### Input data
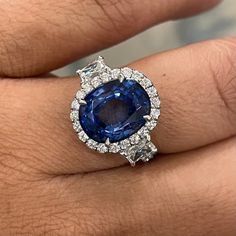 An enviable jewel, this ring sports some dazzling Diamonds & a sparkling Sapphire. Gemstones Type: Sapphire Gemstones Shape: Oval Gemstones Weight: 5.92 ctGemstones Color: Blue Diamonds Shape: Round & Radiant Side Diamonds Weight: 1.75 ct Side Diamond Color: F - G Side Diamond Clarity: VS (Very Slightly Included) Metal: 18K White Gold Metal Wt: 4.3 gms Setting: Prong & Pave Finger Size: 7 To have the ring sized, please note the desired size in Special Instructions during checkout. Luxury Gia Certified Platinum Gemstones, Luxury Gia Certified Diamond Gemstones, Luxury Gia Certified Gemstones, Luxury Brilliant Cut Sapphire Gemstones, Luxury Sapphire Gemstones With Brilliant Cut, Brilliant Cut Sapphire Diamond Gemstones, Sapphire Cushion Cut Diamond Ring, Sapphire Color Cushion Cut Diamond Ring, Luxury Diamond Cluster Ring With Gemstones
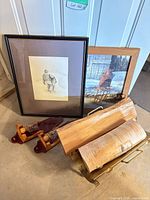 Group showing both framed prints, log holder and candle holders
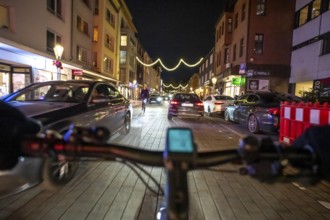 Cycling in the city, in the dark, in the evening, inner-city road, bicycle road, two-wheeler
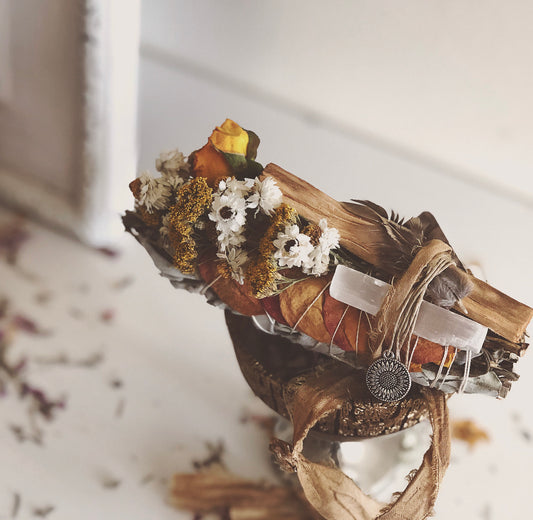 yerba santa stick used for spiritual smoke cleansing . Bundled together with dried orange rose petals, yarrow, white flowers and yellow roses.  with gold and orange silk ribbons sitting on a gold dish on a white table.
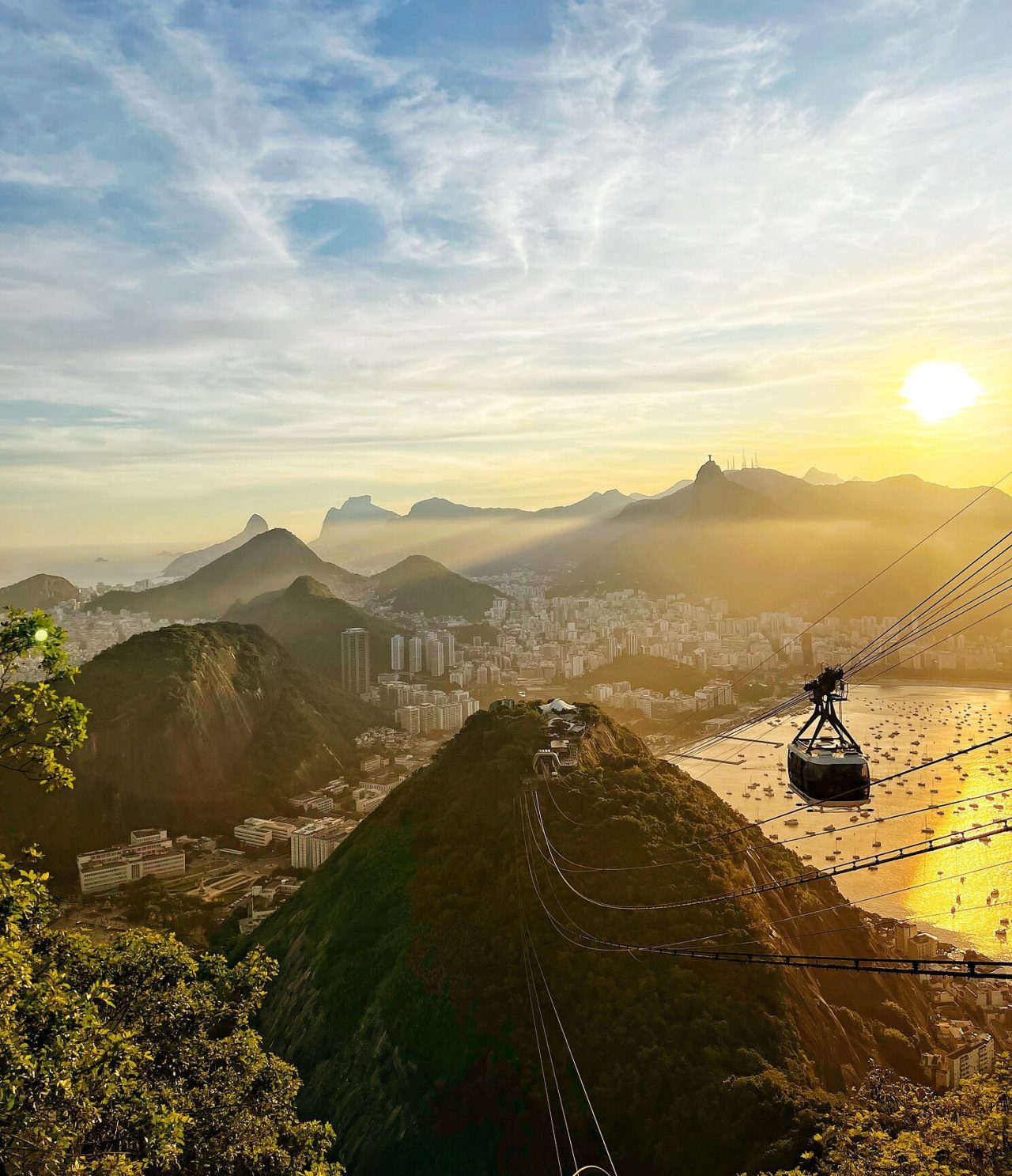 Vista aérea do Rio de Janeiro, com um teleférico a ir em direção a uma colina, com a cidade e a praia no fundo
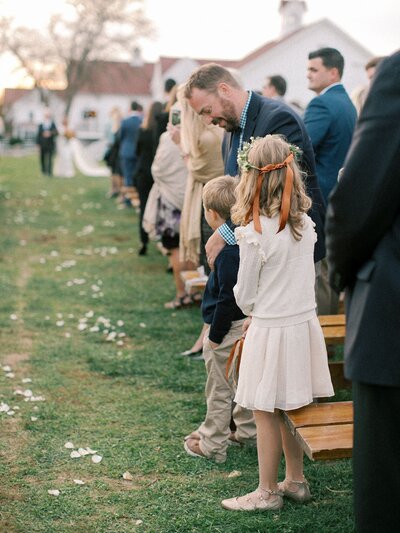 Young girl watching the bride walk down the aisle at a wedding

### Task prompt
Please reproduce exactly and only the lines from the first line of the records through the line containing "Cycling in the", both included, omitting any pictures.

### Result of the task
 An enviable jewel, this ring sports some dazzling Diamonds & a sparkling Sapphire. Gemstones Type: Sapphire Gemstones Shape: Oval Gemstones Weight: 5.92 ctGemstones Color: Blue Diamonds Shape: Round & Radiant Side Diamonds Weight: 1.75 ct Side Diamond Color: F - G Side Diamond Clarity: VS (Very Slightly Included) Metal: 18K White Gold Metal Wt: 4.3 gms Setting: Prong & Pave Finger Size: 7 To have the ring sized, please note the desired size in Special Instructions during checkout. Luxury Gia Certified Platinum Gemstones, Luxury Gia Certified Diamond Gemstones, Luxury Gia Certified Gemstones, Luxury Brilliant Cut Sapphire Gemstones, Luxury Sapphire Gemstones With Brilliant Cut, Brilliant Cut Sapphire Diamond Gemstones, Sapphire Cushion Cut Diamond Ring, Sapphire Color Cushion Cut Diamond Ring, Luxury Diamond Cluster Ring With Gemstones
 Group showing both framed prints, log holder and candle holders
 Cycling in the city, in the dark, in the evening, inner-city road, bicycle road, two-wheeler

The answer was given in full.